Stored records
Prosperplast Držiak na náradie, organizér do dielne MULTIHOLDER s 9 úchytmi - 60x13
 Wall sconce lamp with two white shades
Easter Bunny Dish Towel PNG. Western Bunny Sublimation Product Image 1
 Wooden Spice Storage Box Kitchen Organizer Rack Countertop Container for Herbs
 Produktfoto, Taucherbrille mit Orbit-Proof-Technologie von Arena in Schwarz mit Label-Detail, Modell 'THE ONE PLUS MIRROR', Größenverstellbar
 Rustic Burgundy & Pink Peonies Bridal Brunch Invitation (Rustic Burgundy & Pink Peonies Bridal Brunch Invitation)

## [TASK BRIEF]
What's needed is an exact copy of every entry.

## [OUTPUT OF THE TASK]
Prosperplast Držiak na náradie, organizér do dielne MULTIHOLDER s 9 úchytmi - 60x13
 Wall sconce lamp with two white shades
Easter Bunny Dish Towel PNG. Western Bunny Sublimation Product Image 1
 Wooden Spice Storage Box Kitchen Organizer Rack Countertop Container for Herbs
 Produktfoto, Taucherbrille mit Orbit-Proof-Technologie von Arena in Schwarz mit Label-Detail, Modell 'THE ONE PLUS MIRROR', Größenverstellbar
 Rustic Burgundy & Pink Peonies Bridal Brunch Invitation (Rustic Burgundy & Pink Peonies Bridal Brunch Invitation)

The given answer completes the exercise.